Given records:
____

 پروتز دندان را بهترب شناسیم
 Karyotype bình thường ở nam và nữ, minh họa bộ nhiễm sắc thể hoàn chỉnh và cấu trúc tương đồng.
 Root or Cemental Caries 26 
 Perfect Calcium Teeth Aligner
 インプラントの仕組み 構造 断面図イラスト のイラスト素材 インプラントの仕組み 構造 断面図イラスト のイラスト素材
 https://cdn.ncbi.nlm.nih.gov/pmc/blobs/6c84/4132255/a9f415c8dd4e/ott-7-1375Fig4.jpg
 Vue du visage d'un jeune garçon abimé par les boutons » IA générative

____

Only the lines from the one containing "Karyotype bình thường" through the end of the material should be copied, exactly as they stand; please keep both ends.

Expected answer:
 Karyotype bình thường ở nam và nữ, minh họa bộ nhiễm sắc thể hoàn chỉnh và cấu trúc tương đồng.
 Root or Cemental Caries 26 
 Perfect Calcium Teeth Aligner
 インプラントの仕組み 構造 断面図イラスト のイラスト素材 インプラントの仕組み 構造 断面図イラスト のイラスト素材
 https://cdn.ncbi.nlm.nih.gov/pmc/blobs/6c84/4132255/a9f415c8dd4e/ott-7-1375Fig4.jpg
 Vue du visage d'un jeune garçon abimé par les boutons » IA générative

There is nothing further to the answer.